Mr. Magnes: Your honor, may I be heard at side bar?
The Court: Yes, sir."
As the foregoing demonstrates, Mr. Magnes attempted several times, unsuccessfully, to rephrase his question, then requested a side bar conference. The conference was moved into chambers, and an exchange occurred between Mr. Magnes and the court which is set forth in the majority opinion. As a result of this exchange, Mr. Magnes was found to be in contempt. The contempt order stated that he had pursued a line of questioning after an objection thereto had been sustained and had persistently argued a point of law after the court had indicated that it did not wish to hear further argument.
In Holt v. Virginia (1965), 381 U.S. 131, 136-38, the United States Supreme Court held that a stand taken by counsel in the best interest of his client cannot serve as the basis for a finding of contempt against the attorney. In In the Matter of David Dellinger (7th Cir. 1972), 461 F.2d 389 the court stated:
"Where * * * the conduct complained of is that of an attorney engaged in the representation of a litigant, the search for [the] essential elements of the crime of contempt must be made with full appreciation of the contentious role of trial counsel and his duty of zealous representation of his client's interests."

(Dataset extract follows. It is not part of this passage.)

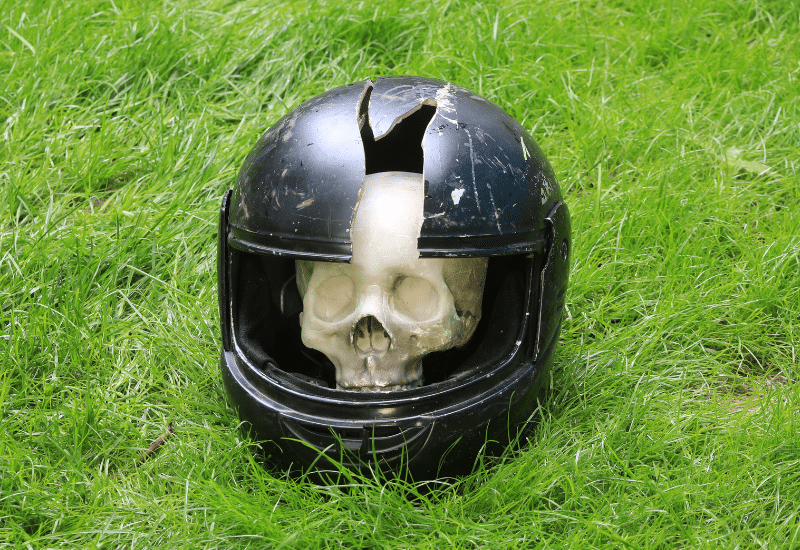 motorcycle helmet cracked showing protected skull inside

461 F.2d at 397. In the present case, Mr. Magnes did nothing more than take a stand which he believed to be in the best interests of his client, which was his duty as an advocate. He believed it important that the testimony concerning whether any photograph had been selected be introduced, and when objection was raised to his initial question he attempted to phrase a proper question which would elicit the desired information. When the court refused to permit what Mr. Magnes thought was a proper question, he requested a side bar conference and offered authority to support his position. The exchange which led to the allegedly contemptuous remark occurred when the court refused to permit Mr. Magnes to discuss the cases and to consider the authority offered.
In In the Matter of David Dellinger et al., supra, the court stated: "Attorneys have a right to be persistent, vociferous, contentious, and imposing, even to the point of appearing obnoxious, when acting in their client's behalf." (461 F.2d at 400.) The majority disagrees with this statement, adopting a more moderate view. In the present case, the line of questioning set forth above and the colloquy in chambers, set forth in the majority opinion, are all that occurred with respect to the alleged contempt. From these, it is apparent that Mr. Magnes was not unduly persistent in attempting to ask the questions and in urging his authority upon the court. Whatever the standard to be applied, the conduct of Mr. Magnes on this occasion was nothing more than that of an advocate.
It is likely that the former differences between Mr. Magnes and the court came into play during the conference. The result of this was that Mr. Magnes made some remarks which may have been improper. Based upon the record, however, I would characterize Mr. Magnes's action as those of an industrious attorney who believed that he was acting in the best interests of his client. The most that can be said is that in the atmosphere created by the pressures of the trial and the volume of work before the court there were strained and heated remarks. As much as these remarks are to be condemned, I do not believe that they were calculated to embarrass the court or obstruct the proceeding. For these reasons I would reverse both orders.